ERCOT, which manages about 90% of the electric load in Texas, is different in that it has an energy-only market, where electricity generators — including nuclear units, coal plants, gas plants, wind farms and solar facilities — are paid only for the energy they provide. In most other U.S. grids, generators also receive payments for the capacity they promise will be available when it’s needed.

Over the past 20-plus years, ERCOT has also become home to scores of large, tax-incentive-supported wind farms and, more recently, large-scale solar facilities — all of them connected to the grid with thousands of miles of renewables-focused transmission lines. Once built, wind and solar can offer energy at remarkably low prices, but come with a couple of catches. One is that the wind doesn’t always blow, and the sun doesn’t always shine.
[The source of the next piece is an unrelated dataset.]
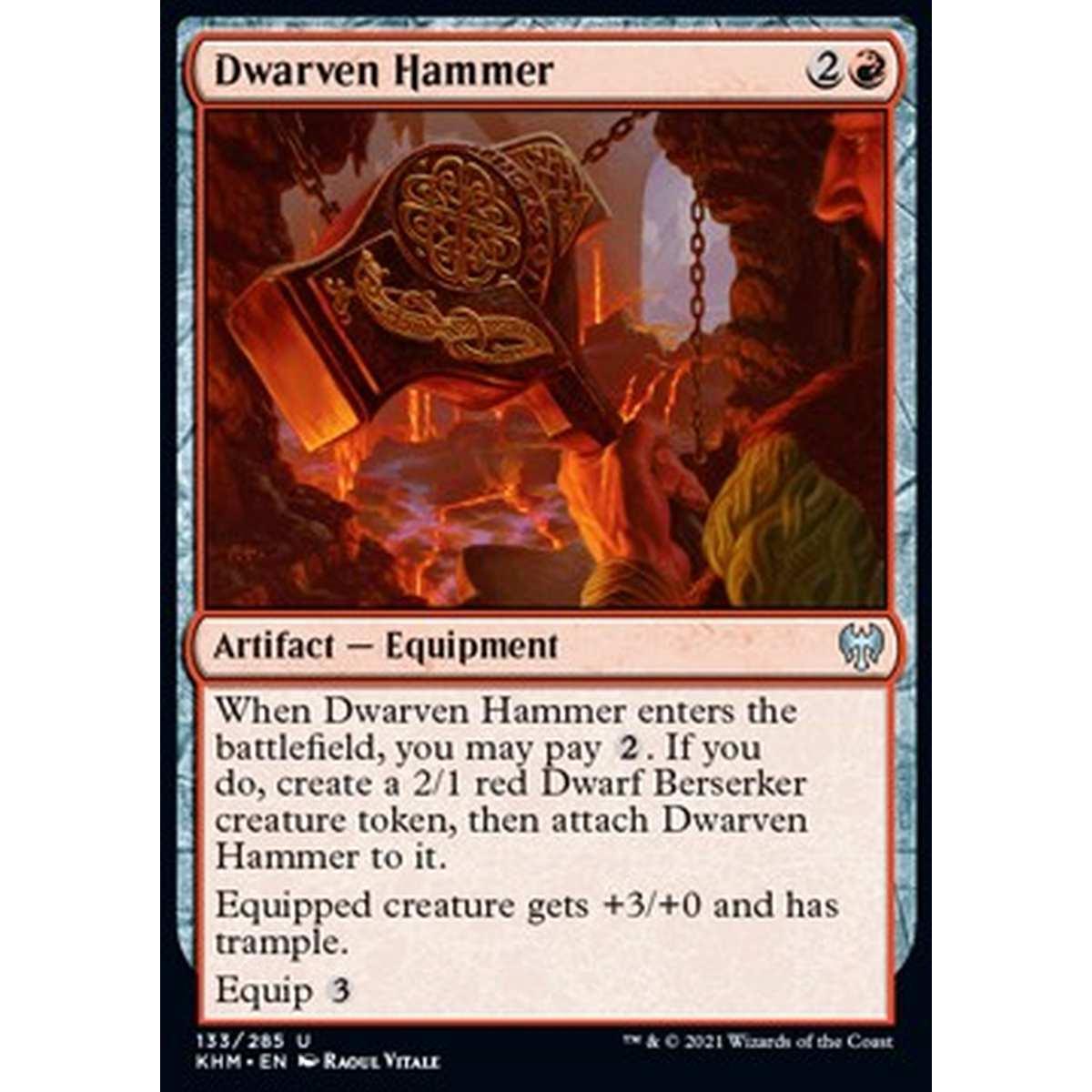 Dwarven Hammer - Martello dei Nani - [KHM] [NM]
The other is that the ready availability of inexpensive renewable energy when the wind is blowing and the sun is shining threatens the profitability of dispatchable sources of energy like coal- and natural-gas-fired power plants, whose energy output can reliably ratchet up and down when wind and solar underperform and/or demand is high, particularly during winter storms.
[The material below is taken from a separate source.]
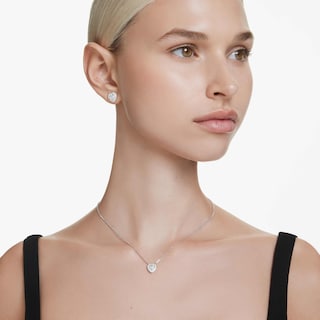 Foto 5 | Foto 5 | Collar Swarovski Ariana Grande Con Forma De Corazón De Cristal Angelical - Venta Internacional.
We should note that electricity is unlike other commodities. Electricity markets must be balanced not on an annual, monthly, or even a daily basis — instead, grid operators need to balance supply and demand every few seconds. In deregulated markets like ERCOT, grid operators utilize ancillary services that pay generators to be on call to produce electricity (or reduce output) when there is a sudden imbalance in supply and demand caused by, say, a forced plant outage or a weather-related change in wind or solar output.

Over the years, increased renewable capacity in ERCOT — coupled with other factors, such as rising environmental-compliance costs— have challenged the profitability of many less-efficient plants fired by coal (orange bars in Figure 1 below) and natural gas (blue-shaded bars), causing them to retire as they were unable to cover their operating costs (labor, fuel and maintenance), a topic we discussed in Electric Avenue. The production tax credit (PTC) for renewable sources of generation has also been a factor in the rate of power plant retirements. (Texas leads the U.S. in wind power capacity, with more than 40,500 MW installed, and is second in solar generation at about 32,000 MW.)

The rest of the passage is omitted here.